Work to be completed
Could you return the data below exactly as it appears?

——

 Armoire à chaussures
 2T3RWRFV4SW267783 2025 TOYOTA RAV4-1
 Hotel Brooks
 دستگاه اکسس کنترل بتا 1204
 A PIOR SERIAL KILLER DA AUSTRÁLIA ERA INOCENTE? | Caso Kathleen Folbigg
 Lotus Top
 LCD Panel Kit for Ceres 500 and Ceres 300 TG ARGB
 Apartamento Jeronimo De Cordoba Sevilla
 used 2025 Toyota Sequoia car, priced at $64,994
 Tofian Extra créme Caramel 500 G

——

Output for this task
 Armoire à chaussures
 2T3RWRFV4SW267783 2025 TOYOTA RAV4-1
 Hotel Brooks
 دستگاه اکسس کنترل بتا 1204
 A PIOR SERIAL KILLER DA AUSTRÁLIA ERA INOCENTE? | Caso Kathleen Folbigg
 Lotus Top
 LCD Panel Kit for Ceres 500 and Ceres 300 TG ARGB
 Apartamento Jeronimo De Cordoba Sevilla
 used 2025 Toyota Sequoia car, priced at $64,994
 Tofian Extra créme Caramel 500 G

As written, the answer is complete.